FX update: Pound blown off course by Frosty Brexit talks, euro tests 200-day line
Sterling got a smack and the euro pulled back from its highs of the day as Britain’s chief Brexit negotiator confirmed what we already knew; that UK-EU talks are not going very well at all. Whilst a classic last-minute EU fudge is still broadly anticipated by the market, the language from David Frost was not optimistic.
GBPUSD moved sharply off the 1.23 handle, turning lower to test 1.2250 before paring those losses. EURGBP pushed higher and looked towards the May 21st swing high at 0.90, a two-month peak. Undoubtedly sterling becomes increasingly exposed to headline risks around Brexit as we move out of the worst of the Covid-19 pandemic and back into the cut-and-thrust of negotiations.
Speaking to MPs, Frost said the EU’s current mandate handed to chief negotiator Michel Barnier is – in certain key areas – not likely to produce an agreement, adding that the EU must change its stance in order to reach a deal with the UK. He said that the policy enshrined in the EU’s mandate is not one that can be agreed by the UK. Interesting to see sterling come back a touch as Mr Frost said it’s still the early stages of talks and the UK is still setting out its position – this seems rather optimistic given the timelines previously mentioned.
Whilst we knew that there had been precious little progress in the latest round of talks, the language indicates the two sides are very far apart still. We should however note that adopting this tone is part of the game – the UK’s position remains to take a hard line and, with Mr Cummings still in place, I would think this will remain the case. When questioned, Mr Frost said he reports to the PM, not to Mr Cummings.

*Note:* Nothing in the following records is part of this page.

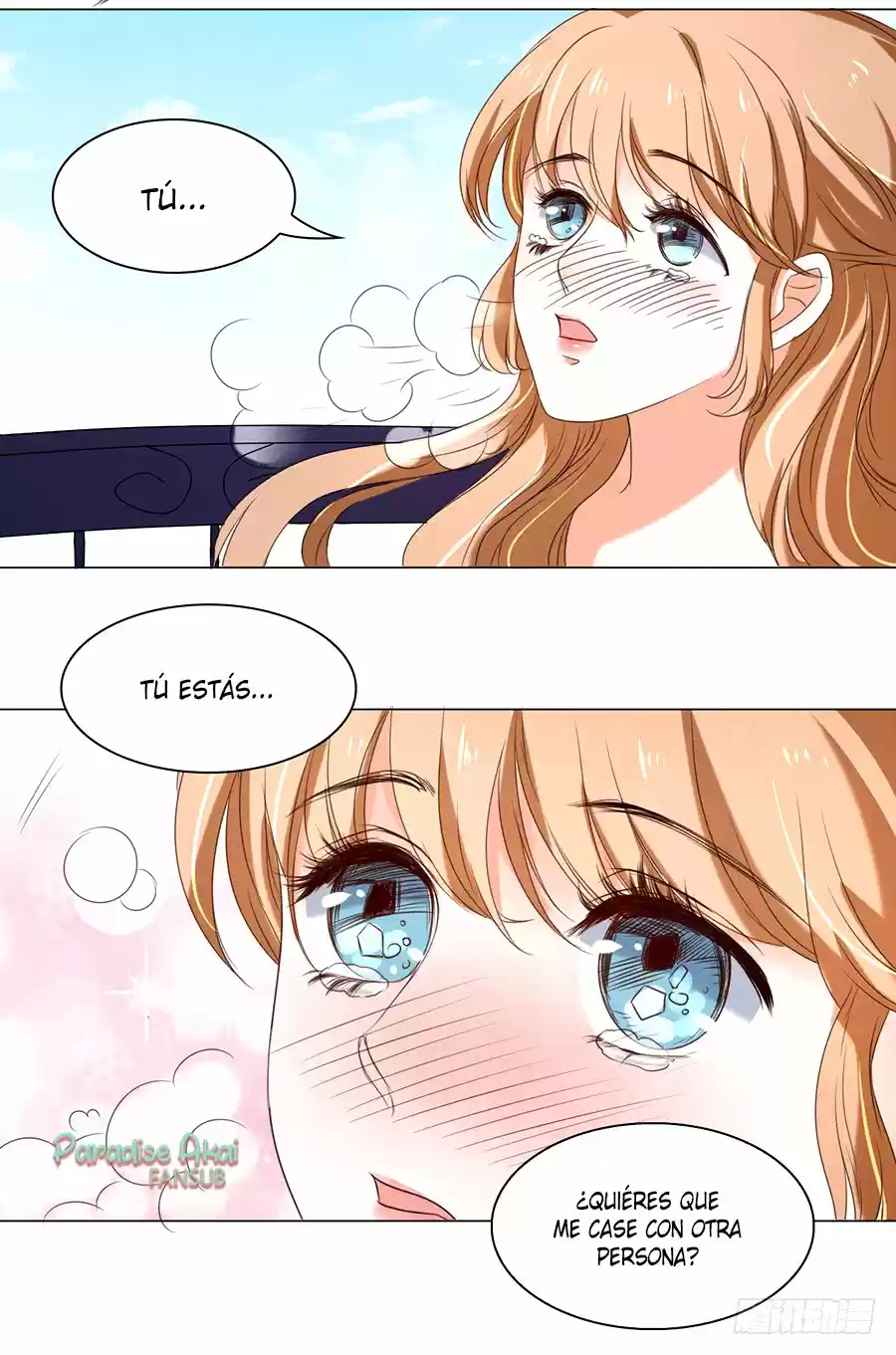 El Dr.Chu También Quiere Enamorarse - Capítulo 7 - Página 11 - LectorTMOo
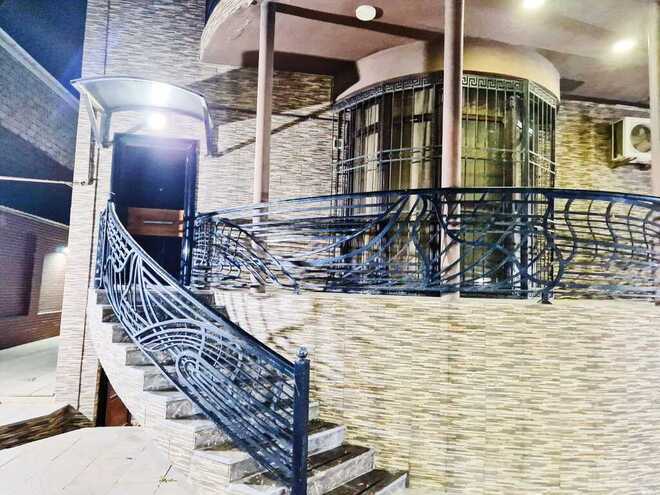 Продаётся 8-комн. дом/дача 480 м², пос. Бинагади, photo 9 from 22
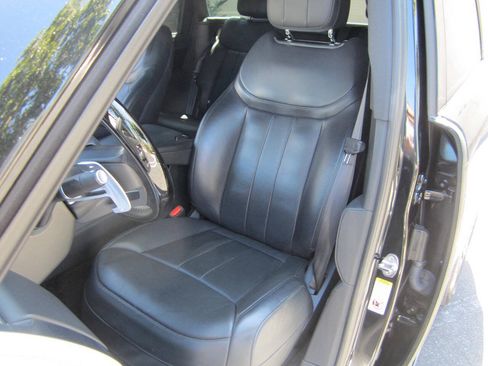 Used 2023 Land Rover Range Rover SE AWD/4WD image 27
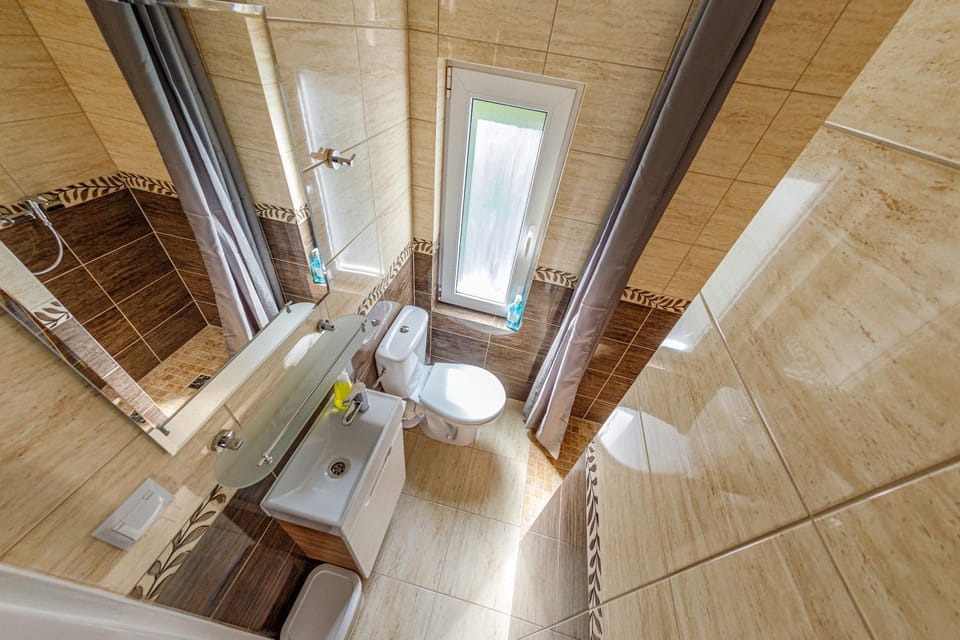 Stara Piekarnia - Plac Lotników Vacation rental in Poland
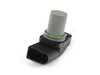 ES#5341181 - 13627796054 - Exhaust Camshaft Position Sensor - Priced Each - Located on rear of the cylinder head, sensing the exhaust cam - Bremmen Parts - BMW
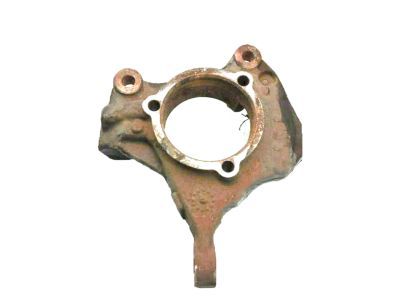 Jeep 68004087AA KNUCKLE Front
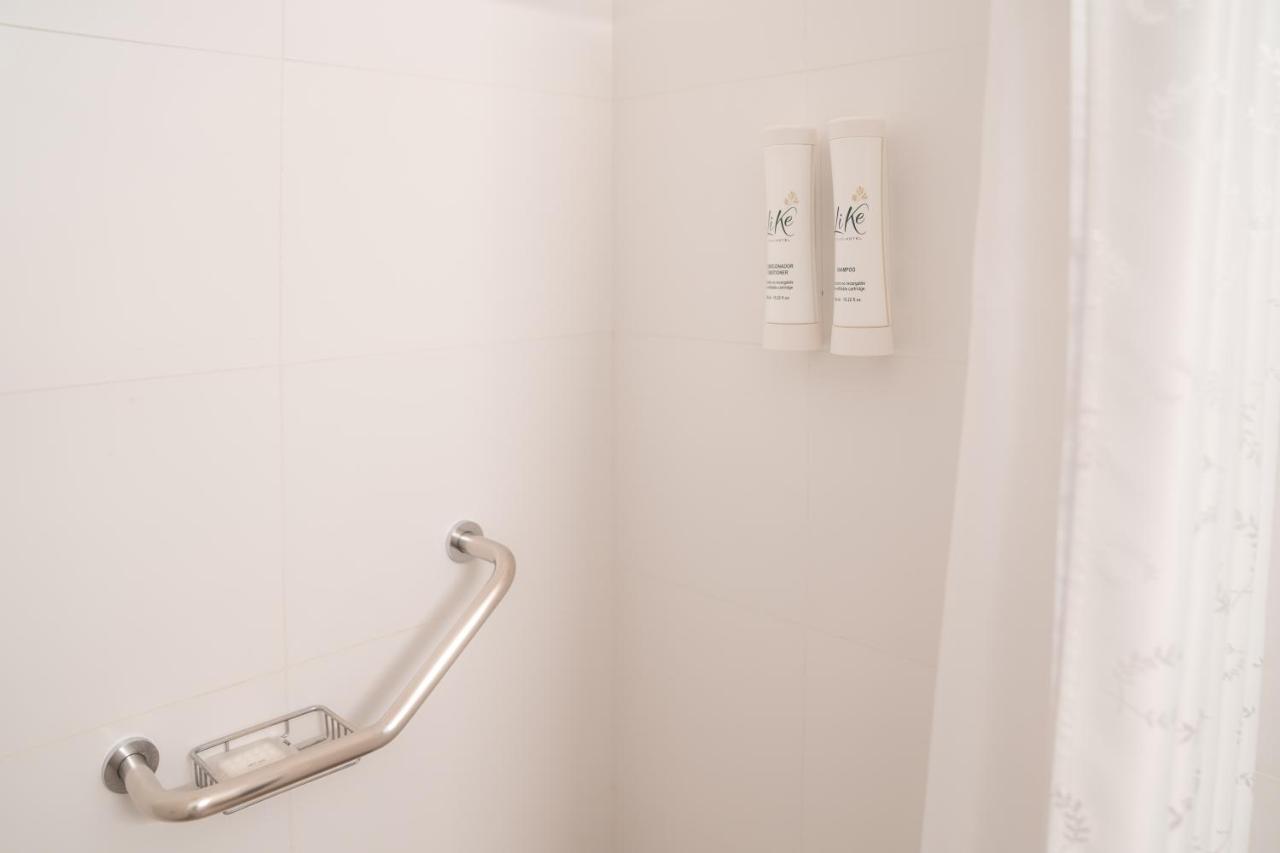 Like Design Hotel Ριβέρα Εξωτερικό φωτογραφία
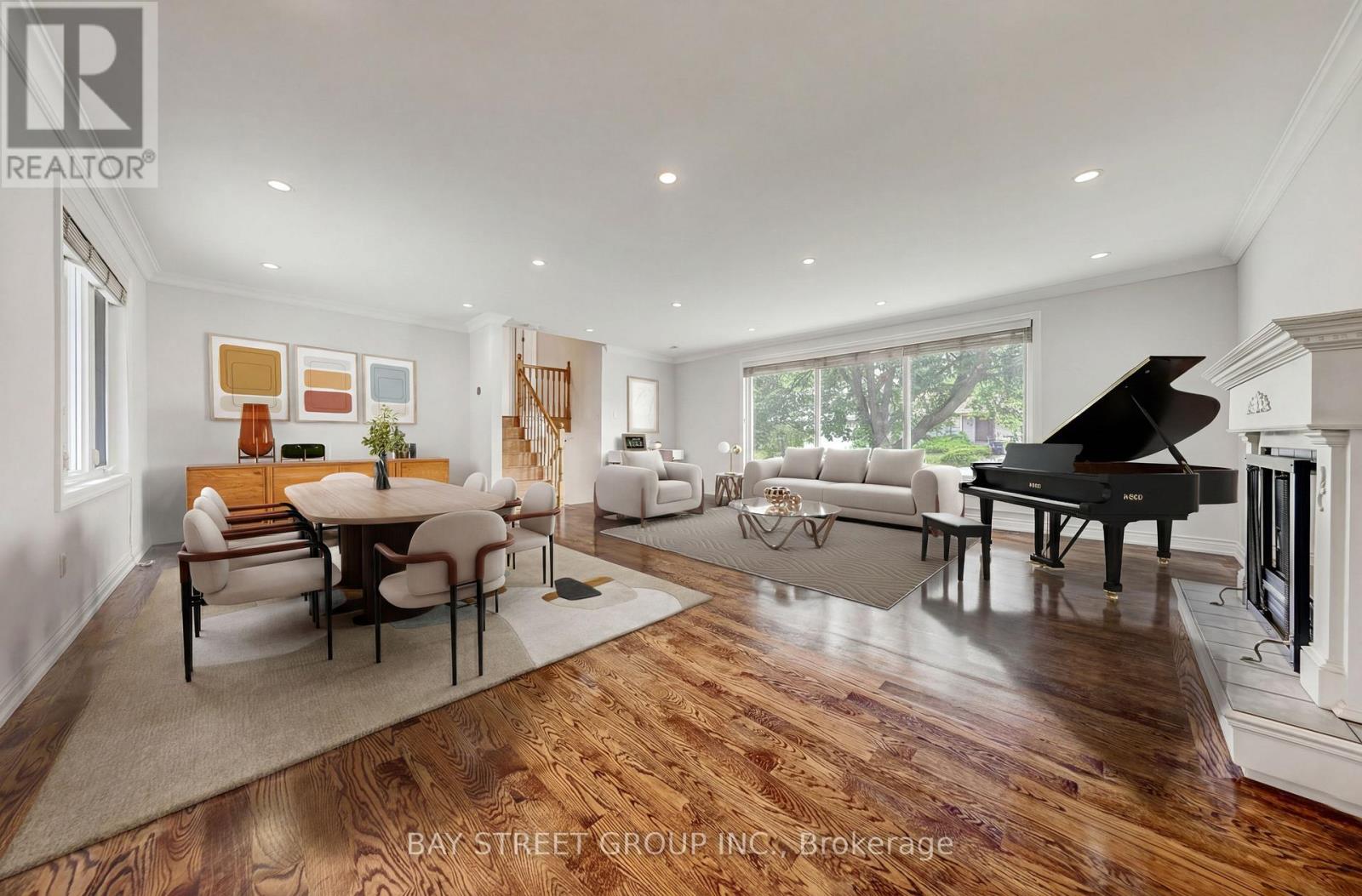 99 Grantbrook Street, Toronto, Ontario  M2R 2G2 - Photo 7 - C13472740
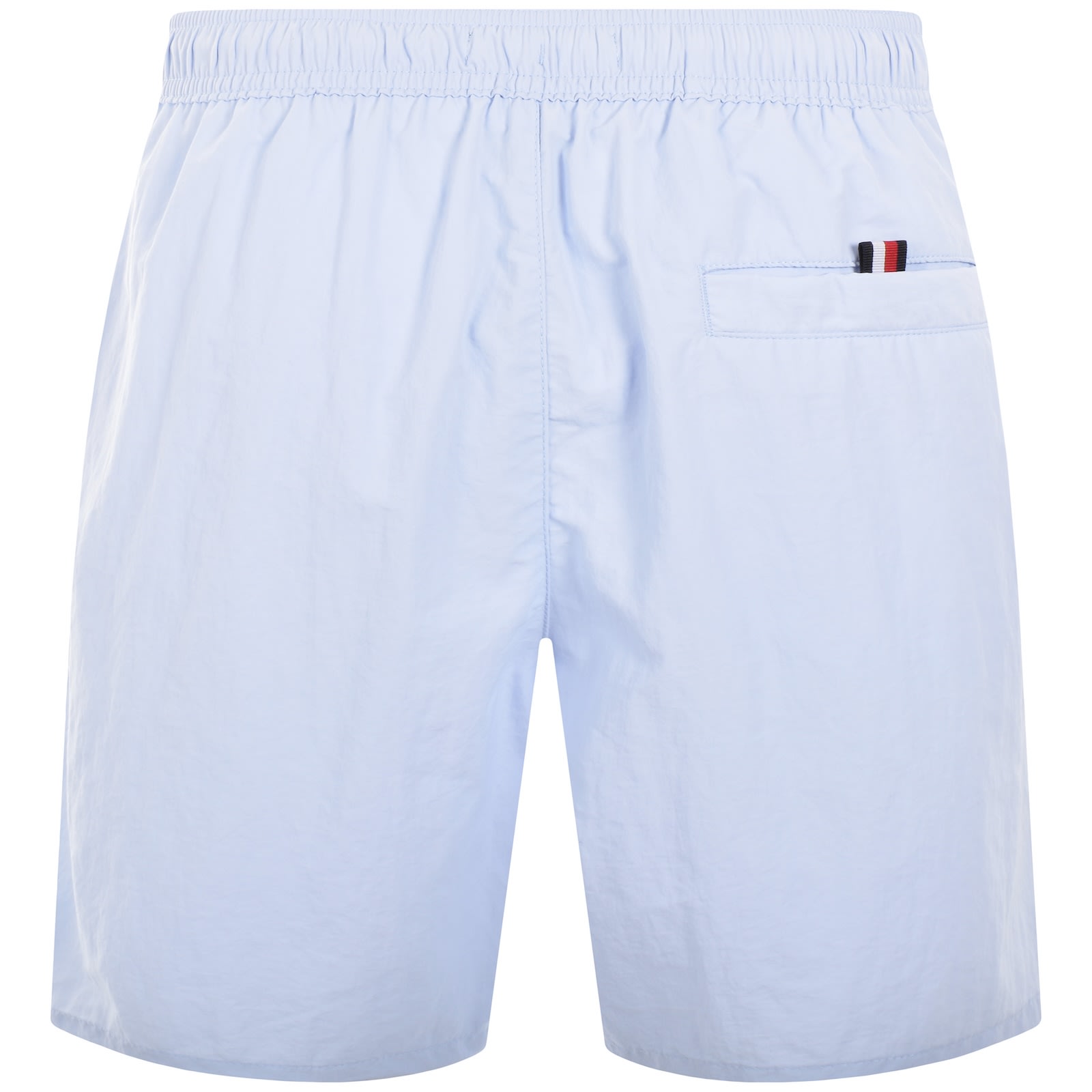 Tommy Hilfiger Swim Shorts Blue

Of course, we all know where the real power lies.
As previously noted time is running out fast for the talks and we become less sure that either side has the political will and capital to expend on this when dealing with the economic catastrophe of the pandemic. The EU focus is on sorting out a rescue fund that all members can sign up to. Political capital is being spent on that more readily.
Chatter around the Bank of England looking at negative rates is another weight on sterling right now. Indeed it’s a crossroads moment as we deal with a massive increase in government debt, run huge twin deficits and exit the EU whilst in the midst of the worst global recession since the 1930s. There are a lot of downside risks for GBP.
Chart: Pound under pressure: EURGBP moves up to test near-term resistance, GBPUSD drops sharply
Meanwhile, EURUSD also pulled back from its highs, before recovering the 1.10 handle. The euro had earlier moved higher and European equities extended gains after the European Commission laid out plans for an additional €750bn stimulus fund. Ursula von der Leyen set out plans to distribute €500bn in grants – as per the Franco-German proposals – with an additional €250bn in loans on top. She said this would take the EU’s total recovery fund to €2.4 trillion.
A German government spokesman said Berlin was happy the EU had taken up elements of the plans set out last week by Angela Merkel and Emmanuel Macron. Macron urged the EU to move forward quickly. But a Dutch official said budget talks would ‘take time’, indicating a still rather frosty approach to the rescue fund from certain corners – it’s far from a done deal.
Chart: EURUSD analysis
The EC plans took the cross through the 200-day simple moving average around 1.1010 but there was not an immediate follow-through and the Brexit chatter knocked it back before it retook the 200-day line. Bulls need to see a confirmed push above this to unlock the path back to 1.1150, the March swing high. Failure calls for retest of recent swing lows at 1.0880.